_EXERCISE DESCRIPTION_
From the entries below, copy exactly the lines from the one that contains "Чайник электрический Evelux" through the one that contains "Metallic Necklace (700)", both included, and only those.

_SUPPLIED ENTRIES_
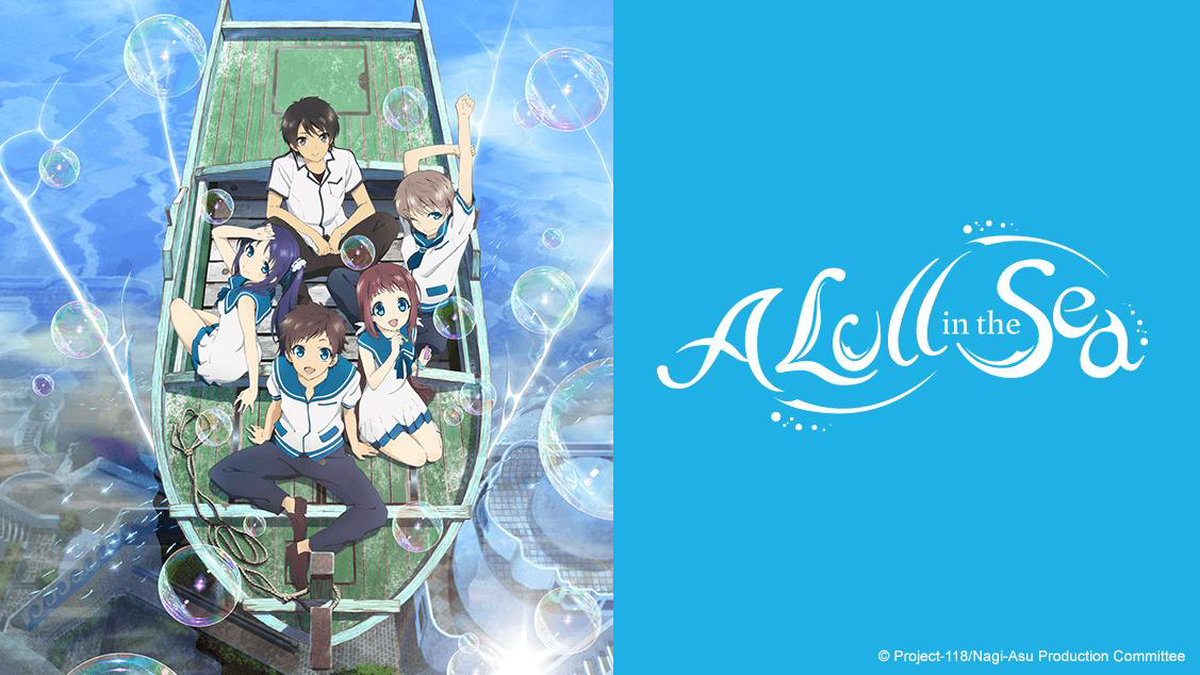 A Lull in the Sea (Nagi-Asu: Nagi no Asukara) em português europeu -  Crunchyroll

==

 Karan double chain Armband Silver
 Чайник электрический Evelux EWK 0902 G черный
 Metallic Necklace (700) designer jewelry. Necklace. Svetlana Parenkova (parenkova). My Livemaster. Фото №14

* * *

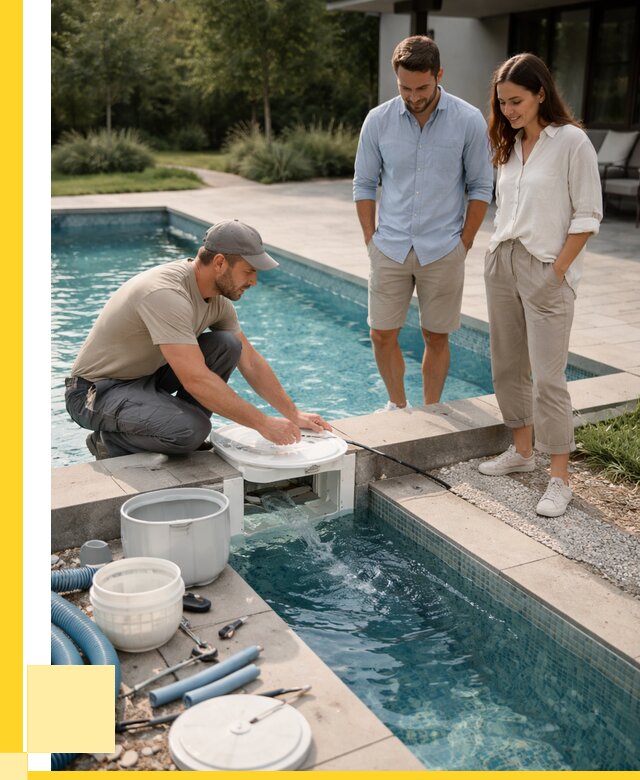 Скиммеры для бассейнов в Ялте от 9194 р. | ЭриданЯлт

_WORKED SOLUTION_
 Чайник электрический Evelux EWK 0902 G черный
 Metallic Necklace (700) designer jewelry. Necklace. Svetlana Parenkova (parenkova). My Livemaster. Фото №14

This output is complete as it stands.